On Thu, Sep 24, 2009 at 12:02:07PM +0200, Chris Lilley wrote:
On Monday, September 21, 2009, 6:19:38 PM, bulia wrote:
bb> But still, bb> soft hyphen is a legal Unicode character and we must support it bb> anyway. I'm just wondering if it is supposed to be treated differently bb> depending on language; from what I read, it looks like it is always bb> replaced with a visible hyphen when a break occurs. So it may be a bb> workable solution for English and other languages but not for bb> Malayalam :( Please correct me if I'm wrong.
No, you are right. A soft hyphen is inserted into text to help a layout system figure out where to break a word with a hyphen at the end of the line.
If Malayalam (and indeed other languages) don't use hyphens at the end of lines to indicate broken words, then clearly the users of that language will not normally be inserting the soft hyphens. But if by chance they do, well, the hyphen will be displayed if it falls at the end of a line.

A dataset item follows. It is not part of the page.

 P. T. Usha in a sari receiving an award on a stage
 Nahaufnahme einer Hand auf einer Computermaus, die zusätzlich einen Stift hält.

If I correctly understand the above, then it conflicts with section 5.4 of Unicode Annex #14 (http://www.unicode.org/unicode/reports/tr14/#SoftHyphen):
“Depending on the language and the word, that may produce different visible results — for example:
* Simply inserting a hyphen glyph * Inserting a hyphen glyph and changing spelling in the divided word parts * Not showing any visible change and simply breaking at that point * Inserting a hyphen glyph at the beginning of the new line”
Bulia, Chris, what is the source of your information? Is there a conflict of standards, or were you going by an informal source?
pjrm.